Livre. Des plans de rénovation thermique à la revitalisation des petites lignes ferroviaires, en passant par la constitution de biocorridors ou la plantation de haies entomofaunes (faune constituée par les insectes), c’est au minimum 2 % du produit intérieur brut, soit 317 milliards d’euros à l’échelle de l’Union européenne, qu’il faudra bientôt injecter annuellement dans les économies. Or de tels investissements ne sont pas rentables à court, moyen ou long terme, c’est pourquoi ils sont peu susceptibles d’attirer des capitaux privés.
Pour qu’ils puissent être financés par l’impôt, il faudrait en faire la dérivée d’activités économiques financièrement rentables, mais qui sont aussi les plus destructrices de l’environnement. L’équation semble impossible et pourtant l’économiste Jézabel Couppey-Soubeyran – par ailleurs chroniqueuse au Monde –, le sociologue de la monnaie Pierre Delandre et le docteur en sciences économiques Augustin Sersiron ont entrepris de la résoudre dans leur ouvrage Le Pouvoir de la monnaie. Transformons la monnaie pour transformer la société (Les Liens qui libèrent, 400 pages, 25 euros). Selon eux, la transition sociale-écologique n’aura pas lieu sans bifurcation monétaire.

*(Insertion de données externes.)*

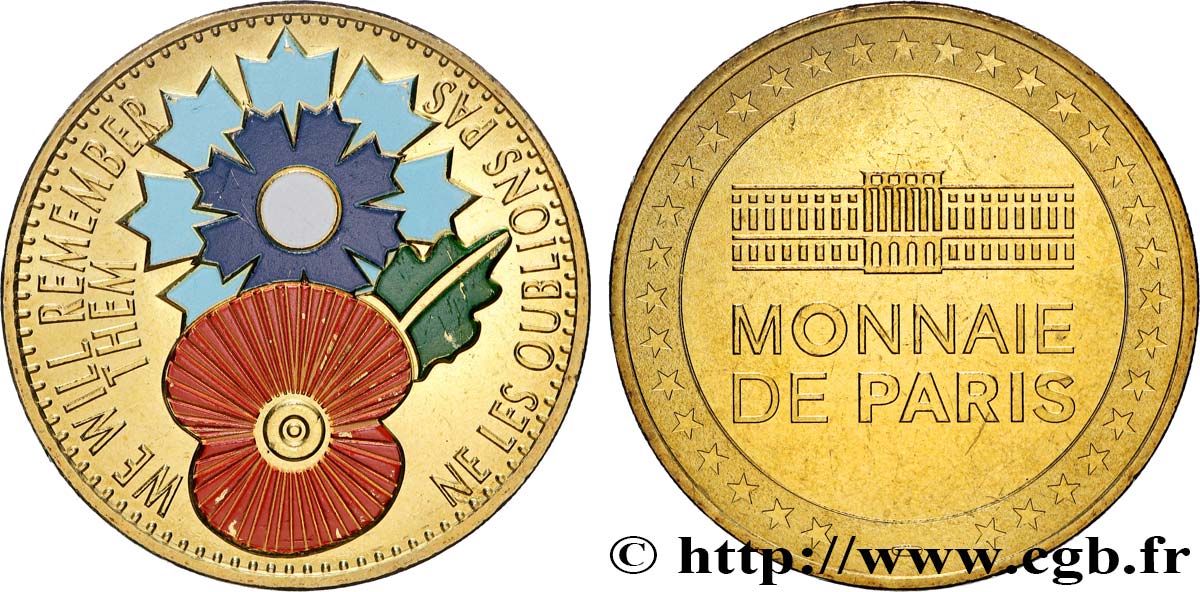 CINQUIÈME RÉPUBLIQUE Médaille, Centenaire de la Grande Guerre   TTB+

Si l’idée d’une « monnaie écologique » n’est pas entièrement neuve, sa définition est loin d’être fixée. Il ne s’agit pas ici de défendre les monnaies locales, de monétiser l’empreinte écologique de nos économies, ou d’envisager la sortie du capitalisme. Les auteurs proposent la création d’une nouvelle « monnaie volontaire » consacrée au financement de projets nécessaires à la transition écologique mais non rentables.
Une partie substantielle de l’ouvrage est consacrée à présenter les conditions techniques de réussite du projet. Est-il compatible avec les traités européens actuels ? Comment éviter que les émissions monétaires envisagées ne se transforment en pertes budgétaires pesant lourdement sur les contribuables ? Peut-on échapper aux effets inflationnistes qu’introduiront de telles injections d’argent ?
De telles questions peuvent aisément s’enliser dans un dialogue de sourds opposant les partisans d’une politique orthodoxe qui se revendiquent de la théorie standard, et les défenseurs hétérodoxes d’une sortie du capitalisme financiarisé. Mais c’est tout l’intérêt de ce livre que de tenter d’y échapper en déplaçant les paramètres du débat.
« Institution sociale »
Afin de faire entendre leurs arguments en faveur d’une bifurcation monétaire, les auteurs ne se contentent pas de traduire leur raisonnement en chiffres. Ils entendent surtout mobiliser les apports de l’anthropologie, de l’histoire et de la sociologie afin de mieux comprendre ce domaine curieusement sous-théorisé de la pensée économique contemporaine, le « pouvoir de la monnaie ».